H.G. Wells was exploring the possible consequences of scientific ideas, but there was also more fevered speculation. A UFO scare in the 1890s, after the publication of The War of the Worlds, produced a wave of reports of Martian spaceships. They were described as looking like the first dirigibles, which were then flying. UFOs have historically been reported to have the form of the advanced aerial technology of the day - dirigibles in the 1890s, and then sleek shiny metallic objects since the 1950s, when the first spy planes and jet aircraft were being produced. The number of reported UFO sightings peaked concurrently with several major events in the space program: The Soviet Union shocked the United States with the launch of Sputnik in 1957 and made many people concerned over the prospect of weapons in space. The next major peak in UFO sightings occurred when humans reached the Moon in 1969. These sightings were almost certainly not a product of real alien visitations, but of public interest in other worlds.

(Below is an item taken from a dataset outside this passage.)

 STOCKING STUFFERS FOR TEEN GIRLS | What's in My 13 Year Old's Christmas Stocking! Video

From the 1910s to the 1940s, Edgar Rice Burroughs (creator of Tarzan), Ray Bradbury, and others wrote many more science fiction novels about Martian civilizations. Around Halloween in 1938, the brilliant young movie director Orson Welles aired a radio dramatization of The War of the Worlds, in which Martians landed in New Jersey and advanced on New York. It caused a panic on the East Coast when listeners mistook it for a real news broadcast. Civilizations on Mars captured the world’s imagination and became deeply embedded in our popular culture.

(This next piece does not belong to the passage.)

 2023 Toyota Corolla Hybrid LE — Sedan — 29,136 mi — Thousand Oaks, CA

In the 20th century, scientific information about Mars continued to evolve. Better astronomical techniques and new data proved Mars to have a more forbidding environment than was first thought. Mars is a very cold planet, and the air is thin. Nevertheless, some argued that evolution might have produced Martian vegetation that had adapted to these difficult conditions. Many scientists believed that such vegetation explained the seasonally changing dark marks. But data from Earth-based telescopes in the 1960s made Mars seem even more hostile: spectroscopic measurements revealed that the air pressure on Mars was comparable to that 100,000 feet above the Earth, higher than commercial jets can fly. In 1965, Mariner 4 became the first space probe to reach the red planet. As it zipped past Mars, it snapped a few close-up photos of local regions showing an impact-cratered surface that looked like the Moon. Most scientists then concluded that Mars must be a frozen, dead, Moon-like world. They were closer to the truth than Lowell was - but Mars turned out to be more interesting than they thought!